As of March 31, 2014, we believe we are in compliance with all of our debt covenants.
Chinese Credit Facilities
In addition to our borrowings under the Credit Agreement, we maintain our Chinese Credit Facilities. As of March 31, 2014 and December 31, 2013, we had short-term borrowings outstanding of $31 million and $28 million, respectively.
Certain of our Chinese subsidiaries entered into a RMB 189,000,000 (approximately $30 million), one-year revolving credit facility with Bank of America (the “Chinese Credit Facility—BOA”) that is currently subject to review on a periodic basis with no-specific expiration period. We had $13 million of outstanding borrowings from the Chinese Credit Facility—BOA as of March 31, 2014. Our Chinese Credit Facility—BOA currently bears interest at a rate based on 100% of the People’s Bank of China’s base rate, which was 5.6% as of March 31, 2014.
In addition, during April 2012, certain of our Chinese subsidiaries entered into a RMB 125,000,000 (approximately $20 million) one-year revolving credit facility with J.P. Morgan Chase Bank (“Chinese Credit Facility-JPM”). This credit facility was renewed for an additional year in April 2014 under the same terms.

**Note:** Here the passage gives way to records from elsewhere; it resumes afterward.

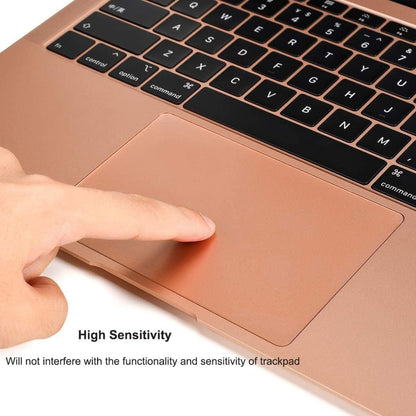 Maxandfix - Trackpad Protector for MacBook Air (2 Pcs) - Maxandfix -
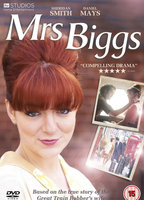 Mrs Biggs (2012) Обнаженные сцены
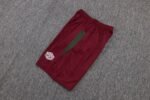 Men/ Kids Fluminense 25/26 Training Short Sleeves - Image 12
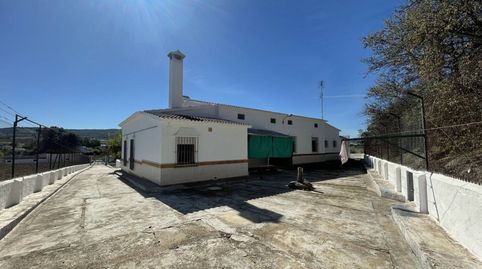 Foto 5 de Casa o chalet en venta en Camino de la Torca , Poleares, Lucena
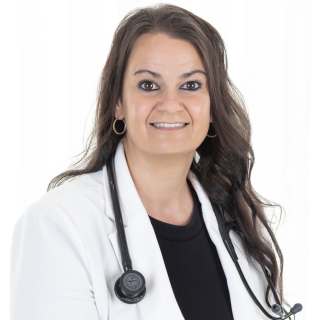 Rachel Browning-Cofield, Family Nurse Practitioner, Kingsland, GA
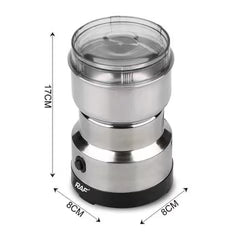 Multifunctional Grinder Machine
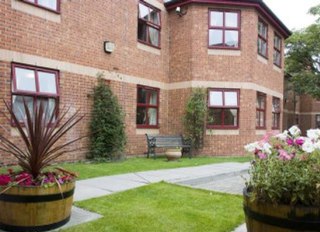 The Ferns, North Shields, Tyne & Wear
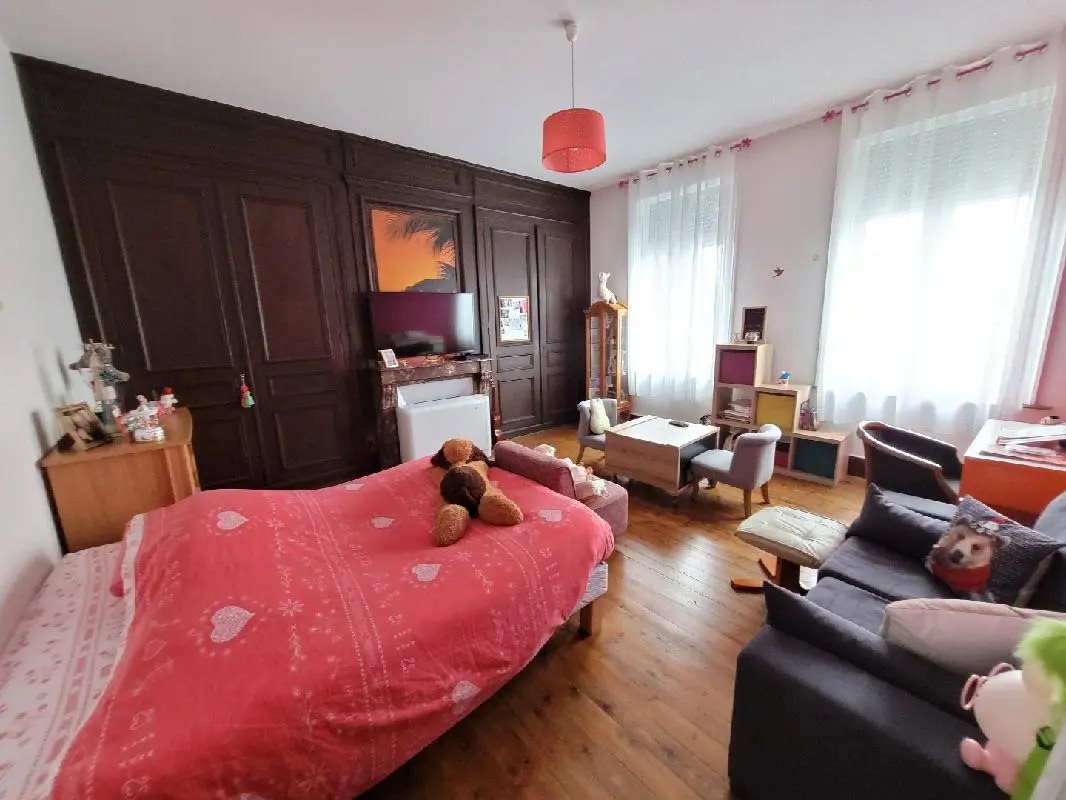 Maison à vendre, 239m², Haubourdin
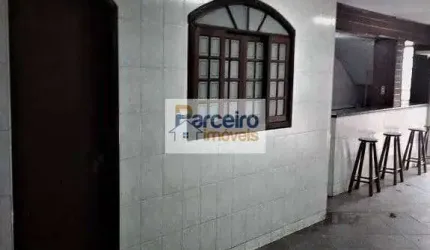 Casa tipo sobrado a venda com 3 dormitórios com  285 m² por R$ 744.680,97 - Parque Boturussu - São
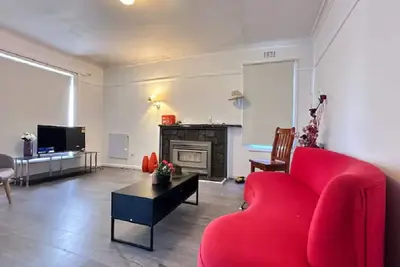 Image de Steps from Train &Beach 2 Mins2 Spirit of Tasmania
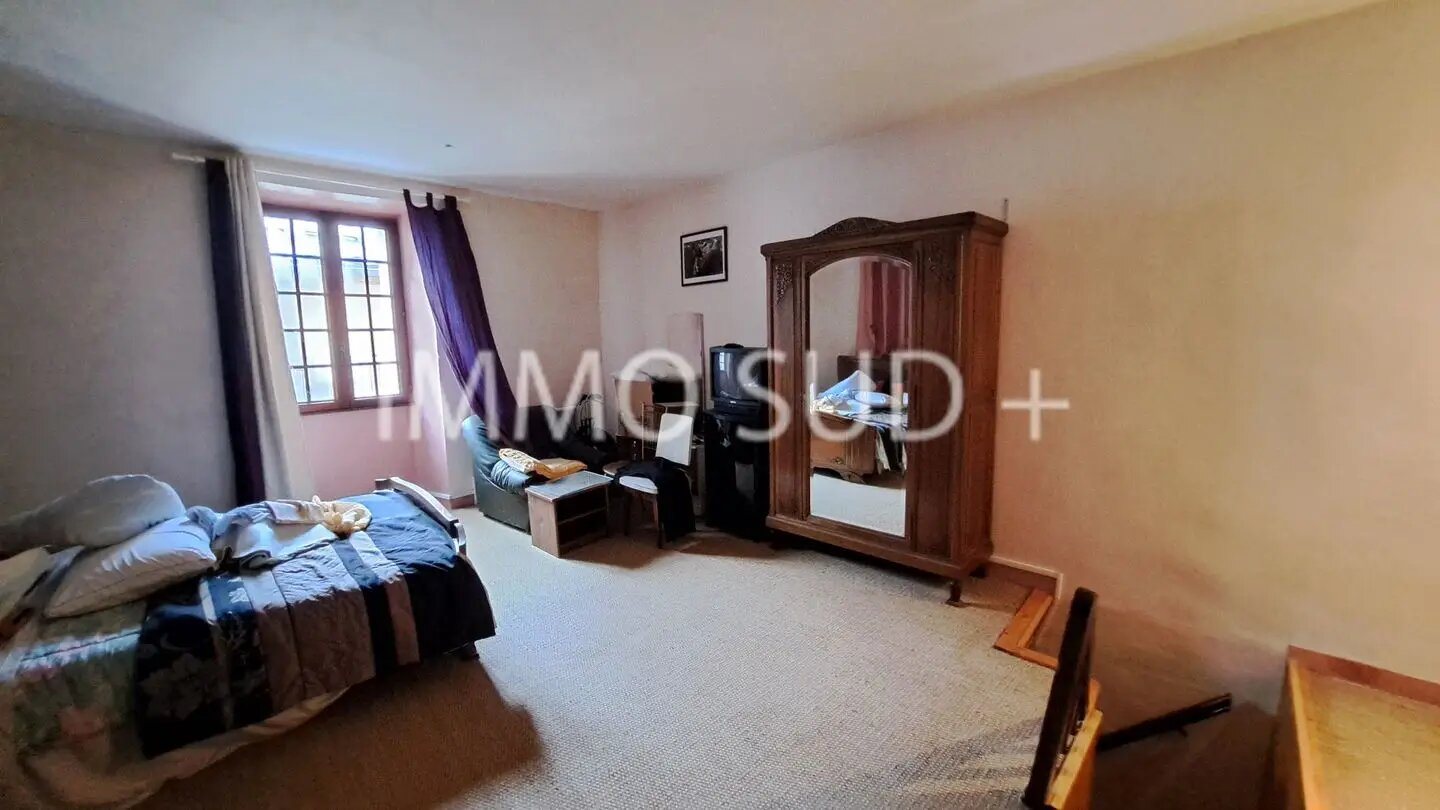 Maison à vendre, 70m², Livet-et-Gavet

We had $18 million of outstanding borrowings from the Chinese Credit Facility—JPM as of March 31, 2014. Our Chinese Credit Facility—JPM currently bears interest at a rate based on 100% of the People’s Bank of China’s base rate, which was 5.6% as of March 31, 2014.
NOTE 7: INCOME TAXES
Each interim period is considered an integral part of the annual period and, accordingly, we measure our tax expense using an estimated annual effective tax rate. An enterprise is required, at the end of each interim reporting period, to make its best estimate of the annual effective tax rate for the full fiscal year and use that rate to provide for income taxes on a current year-to-date basis, as adjusted for discrete taxable events that occur during the interim period.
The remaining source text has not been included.